GeoSeg
UNetFormer: A UNet-like transformer for efficient semantic segmentation of remote sensing urban scene imagery, ISPRS. Also, including other vision transformers and CNNs for satellite, aerial image and UAV image segmentation.
Install / Use
/learn @WangLibo1995/GeoSegREADME
Version 2.0 (stable)
News
- The code of PyramidMamba is released.
- I have updated this repo to pytorch 2.0 and pytorch-lightning 2.0, support multi-gpu training, etc.

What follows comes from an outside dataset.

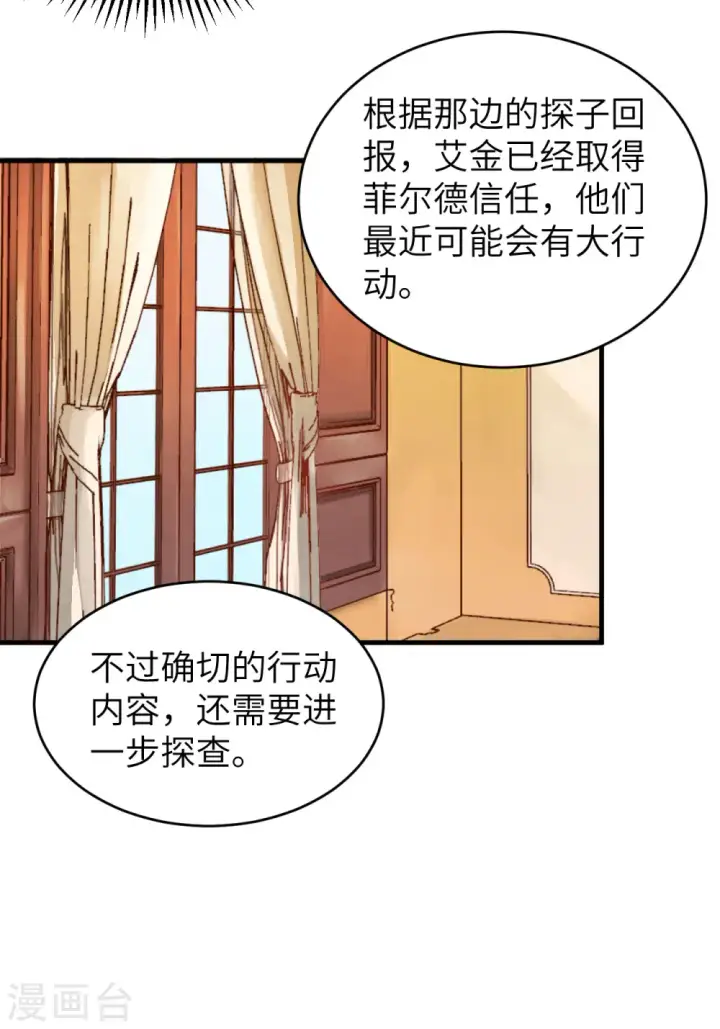 《从今天开始当城主》第311话图30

- Pretrained Weights of backbones can be access from Google Drive
- UNetFormer (accepted by ISPRS, PDF) and UAVid dataset are supported.
- ISPRS Vaihingen and Potsdam datasets are supported. Since private sharing is not allowed, you need to download the datasets from the official website and split them by Folder Structure.

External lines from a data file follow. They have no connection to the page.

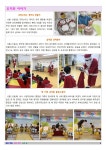 학교신문 신백현 별별이야기 12월호 발행 :: 공지사항 :: 신백현초등학교 신백현초등학교 :: 공지사항 :: 학교신문 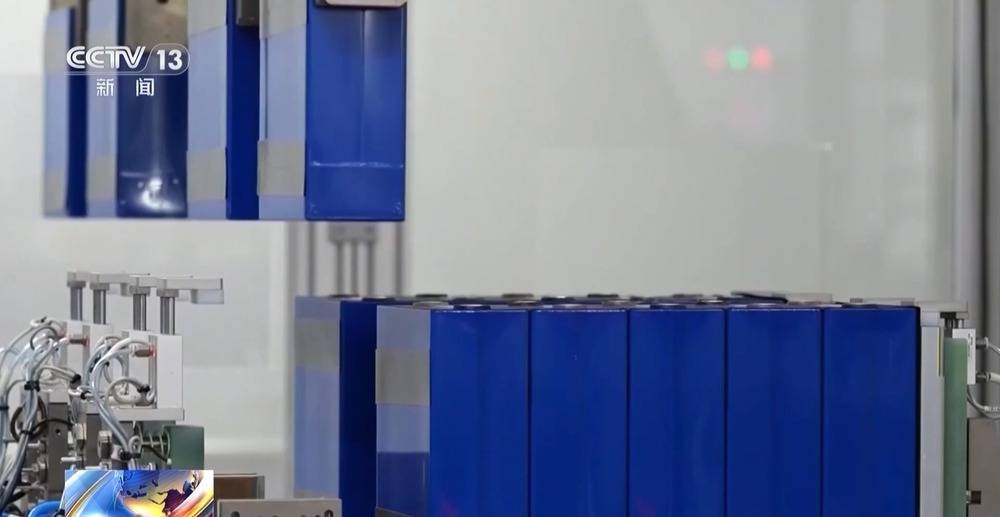 <strong></p>
<p>FIL</strong>我国科学家破解固态电池充电关键难题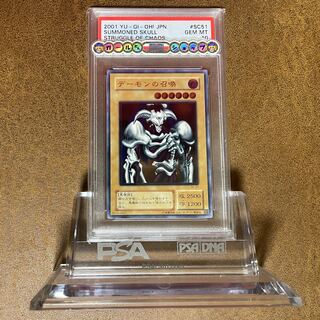 Exclusive for Apila Summoned Skull, Black Magician, Ritchie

- More networks are updated and the link of pretrained weights is provided.
- config/loveda/dcswin.py provides a detailed explain about config setting.

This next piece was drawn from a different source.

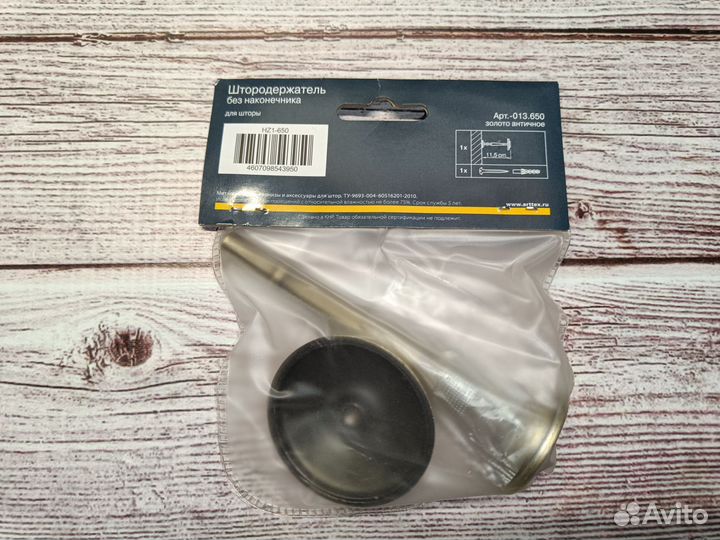 Держатель подхват крюк для штор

- Inference on huge RS images are supported (inference_huge_image.py).
Introduction
GeoSeg is an open-source semantic segmentation toolbox based on PyTorch, pytorch lightning and timm, which mainly focuses on developing advanced Vision Transformers for remote sensing image segmentation.
Major Features
-
Unified Benchmark
we provide a unified training script for various segmentation methods.
-
Simple and Effective
Thanks to pytorch lightning and timm , the code is easy for further development.
-
Supported Remote Sensing Datasets
- ISPRS Vaihingen and Potsdam
- UAVid
- LoveDA
- OpenEarthMap
- More datasets will be supported in the future.
-
Multi-scale Training and Testing
-
Inference on Huge Remote Sensing Images
Supported Networks
-
Mamba
-
Vision Transformer
-
CNN
Folder Structure
Prepare the following folders to organize this repo:
airs
├── GeoSeg (code)
├── pretrain_weights (pretrained weights of backbones, such as vit, swin, etc)
├── model_weights (save the model weights trained on ISPRS vaihingen, LoveDA, etc)
├── fig_results (save the masks predicted by models)
├── lightning_logs (CSV format training logs)
├── data
│ ├── LoveDA
│ │ ├── Train
│ │ │ ├── Urban
│ │ │ │ ├── images_png (original images)
│ │ │ │ ├── masks_png (original masks)
│ │ │ │ ├── masks_png_convert (converted masks used for training)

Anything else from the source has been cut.